**TASK GOAL:**
Below are the entries; return exactly the line with "XW01-2017 Togo Chien" and every later line, without anything else.

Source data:
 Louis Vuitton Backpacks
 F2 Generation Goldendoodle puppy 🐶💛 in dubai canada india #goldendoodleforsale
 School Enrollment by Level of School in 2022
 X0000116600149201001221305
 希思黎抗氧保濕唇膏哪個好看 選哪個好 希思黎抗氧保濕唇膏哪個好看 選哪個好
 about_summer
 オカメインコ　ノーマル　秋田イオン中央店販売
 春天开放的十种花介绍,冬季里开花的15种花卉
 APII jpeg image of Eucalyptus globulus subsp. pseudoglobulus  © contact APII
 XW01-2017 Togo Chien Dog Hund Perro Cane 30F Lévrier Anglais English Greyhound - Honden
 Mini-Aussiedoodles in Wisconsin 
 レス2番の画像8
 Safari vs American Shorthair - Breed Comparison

**TASK RESPONSE:**
 XW01-2017 Togo Chien Dog Hund Perro Cane 30F Lévrier Anglais English Greyhound - Honden
 Mini-Aussiedoodles in Wisconsin 
 レス2番の画像8
 Safari vs American Shorthair - Breed Comparison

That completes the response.